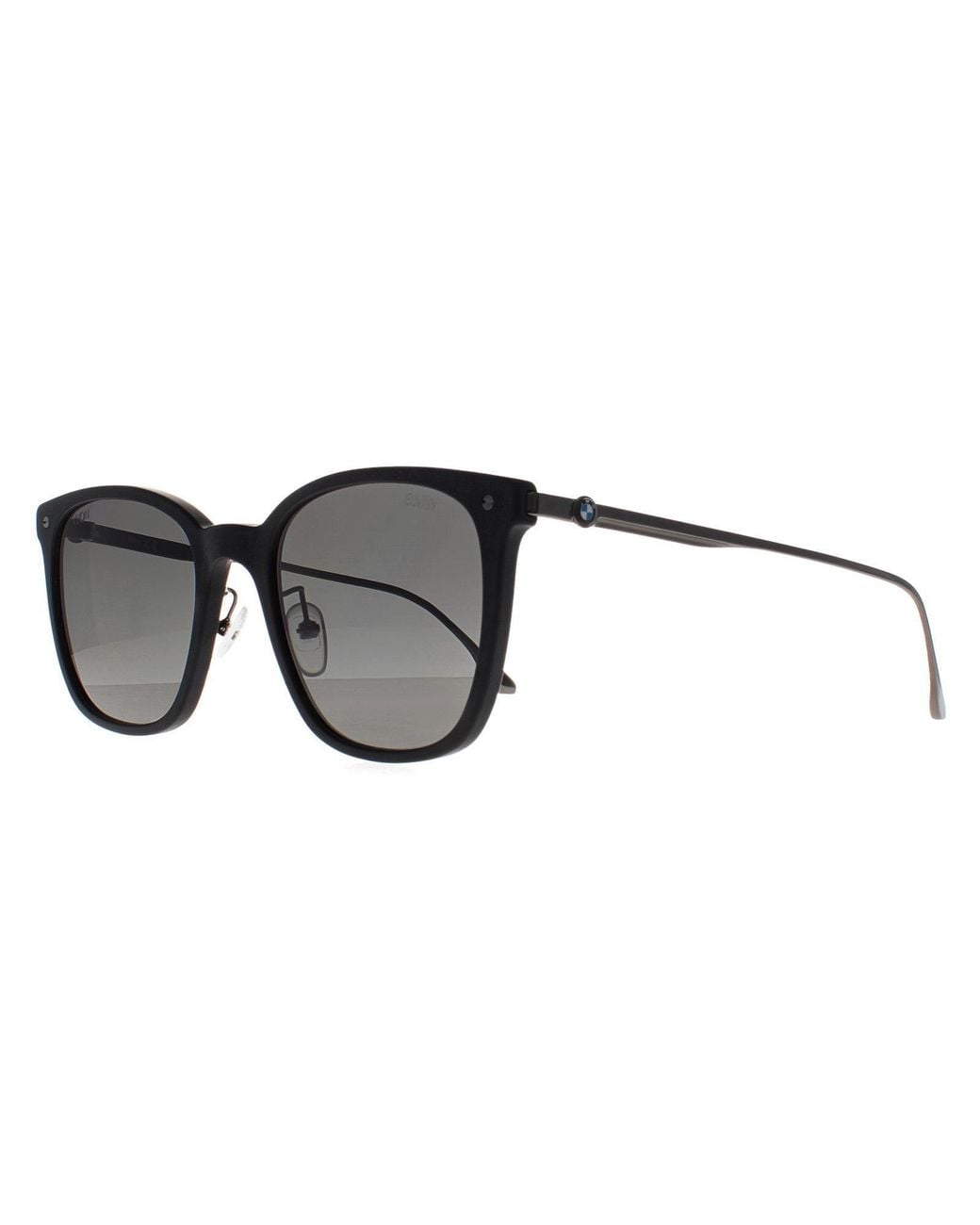 BMW Gray Square Matte Smoke Polarized Bw0008 Sunglasses for men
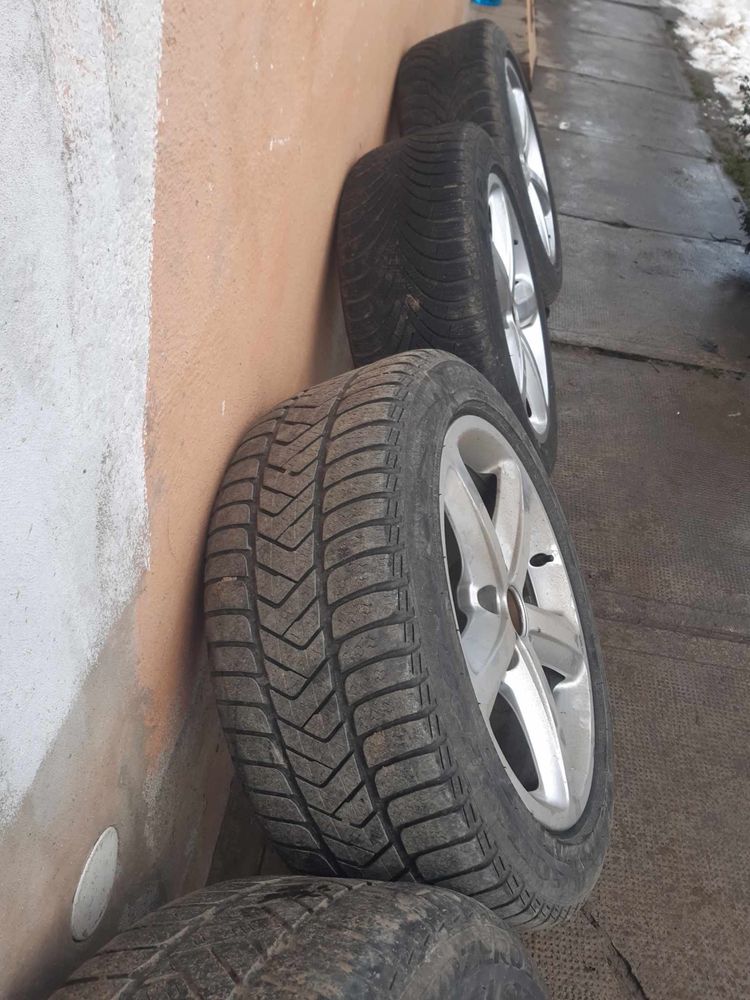 Jante + Cauciucuri 225/50 r17 inclusiv roata de rezerva
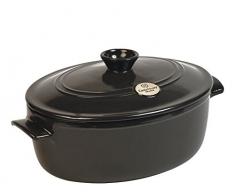 Emile Henry Eh794560 Cocotte Ovale CÃ©ramique Noir Fusain 33,5 X 26,5 X 18,5 cm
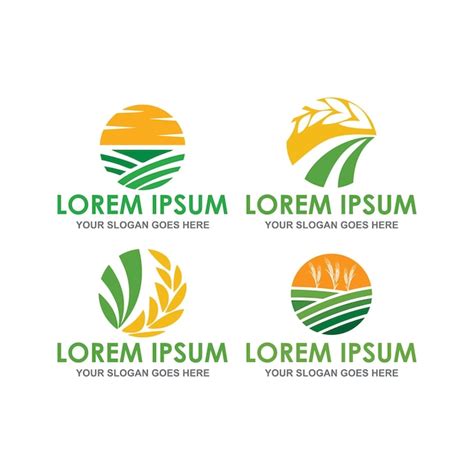 Premium Vector Farm Logo Agriculture Logo Vector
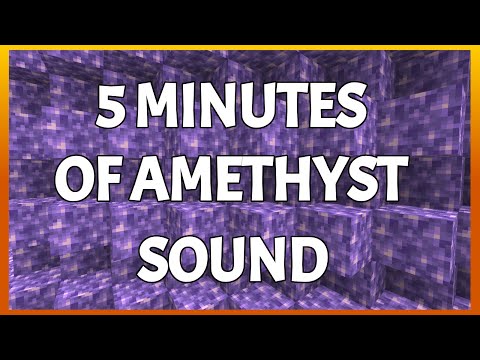 MINECRAFT ASMR - 5 Minutes of Amethyst Sound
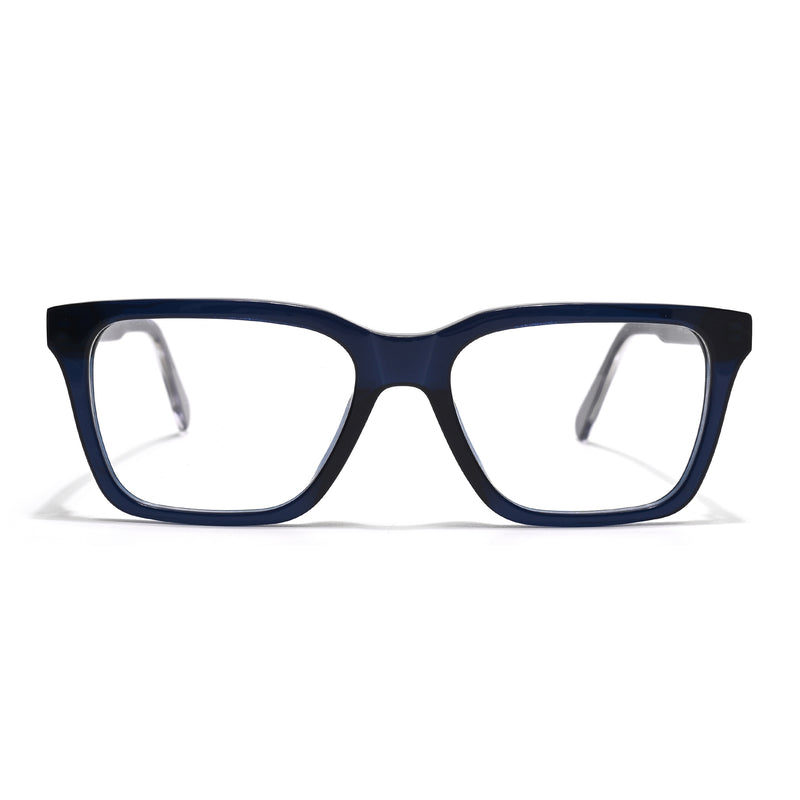 Voyage Glaze Blue Wayfarer Acetate Eyeglasses for Men & Women (FPK26011FMG8694)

# # # #

◆ Problem to work on: Leaving out the pictures, output the listing above exactly as given.

◆ Task answer:
 BMW Gray Square Matte Smoke Polarized Bw0008 Sunglasses for men
 Jante + Cauciucuri 225/50 r17 inclusiv roata de rezerva
 Emile Henry Eh794560 Cocotte Ovale CÃ©ramique Noir Fusain 33,5 X 26,5 X 18,5 cm
 Premium Vector Farm Logo Agriculture Logo Vector
 MINECRAFT ASMR - 5 Minutes of Amethyst Sound
 Voyage Glaze Blue Wayfarer Acetate Eyeglasses for Men & Women (FPK26011FMG8694)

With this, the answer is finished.